I could talk much more about yesterday’s talk  and how much I appreciate those who attended but I guess I should at least way in on the obvious part of this date.  It’s, of course, the tenth anniversary of the 9/11 attacks .  I’m sure there’s not a soul out there who hasn’t been made to remember this fact by the almost constant coverage by the media over the last several days. 

In yesterday’s talk, I tried to avoid mentioning this, wanting to provide some sort of diversion, but somehow ended up talking about it anyway.  I think it came about when I was trying to explain how much the support and energy that I received from these folks over the years had transformed my life.  It reminded me very much of a feeling I felt on September 10 in 2001, the day before the attack.

It was a spectacular late summer day with hints of autumn in the air, a pure blue sky and a sun that was softly warm but not harsh.  Purely pleasant.  I remember walking around my pond that day.  I was at the point in my year when I was done with shows that I was going to do for the year.  Both had been wildly successful, beyond what I ever expected, and  I finally had a bit of time to relax and really think about this as I strolled around the pond.  I thought about how different my life was now, in 2001, than it was ten years before.  I had felt myself  a lost soul at that time, living a purposeless life with little prospect of doing much with it.  But over the years, art had come into my life and everything was different.  I found a form of expression, began to see clearer those things that were there in my life that had always been there and were core to my existence but I had somehow overlooked as I stumbled around in prior years. 

I found myself and a reason for living.  As I stopped by the pond with that clear sky above, it all struck me on that day, that September 10.  I felt myself the most fortunate man in the universe that day.  My life felt as complete and satisfying as I could imagine and I was filled with an overwhelming sense of appreciation for my good fortune.  I had trouble believing it was my life I was indeed living.

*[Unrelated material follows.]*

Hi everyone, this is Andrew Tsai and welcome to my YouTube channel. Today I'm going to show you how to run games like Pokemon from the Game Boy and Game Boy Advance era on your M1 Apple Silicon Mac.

Of course, within 24 hours that feeling disappeared in the smoke and devastation of the events of that day.  It’s taken ten sometimes awful years to somewhat approach that feeling again and yesterday, as I felt the warmth of that group,  I talked about this feeling and my appreciation for them for allowing me to regain that feeling.  I don’t know that I made it clear but one doesn’t always speak easily about matters of grace.

The painting at the top was painted on that day and reflects very much the fullness and contentment I felt for my life at that point.  It is filled with that sense of peace and grace I hinted at above.  It came to be titled Before…  

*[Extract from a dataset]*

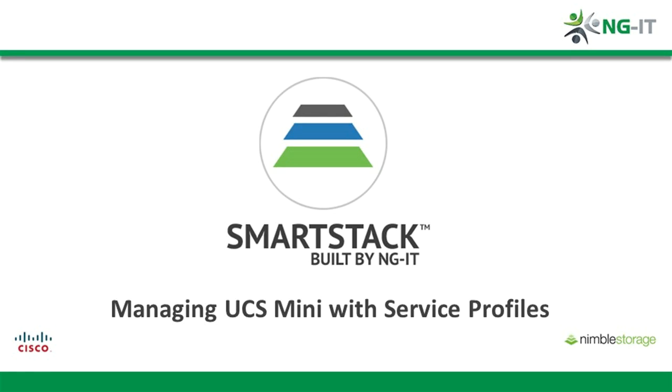In this video we're going to have a brief overview of the Cisco UCS Element Manager and also run through what's involved in creating a service profile template, the secret sauce of Cisco's stateless unified compute architecture.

There was a strange twist to this painting.  I always number my paintings so that I can more easily record and track them over time.  The serial number for that painting was 99-911.  I did nothing to make it fit this way, and in fact didn’t even recognize this number’s relationship to the date until some time later.  Just an eerie coincidence.

It  is a painting that I deeply regret ever letting go and though I know that the folks who now possess it have their own deep feelings for this piece, they will never know how much it still  lives with me, how much it reminds me that day, that September 10th when life seemed as good it could be and how rare and fleeting that moment can be.

Thanks again to everyone from yesterday.  Have a good and peaceful day.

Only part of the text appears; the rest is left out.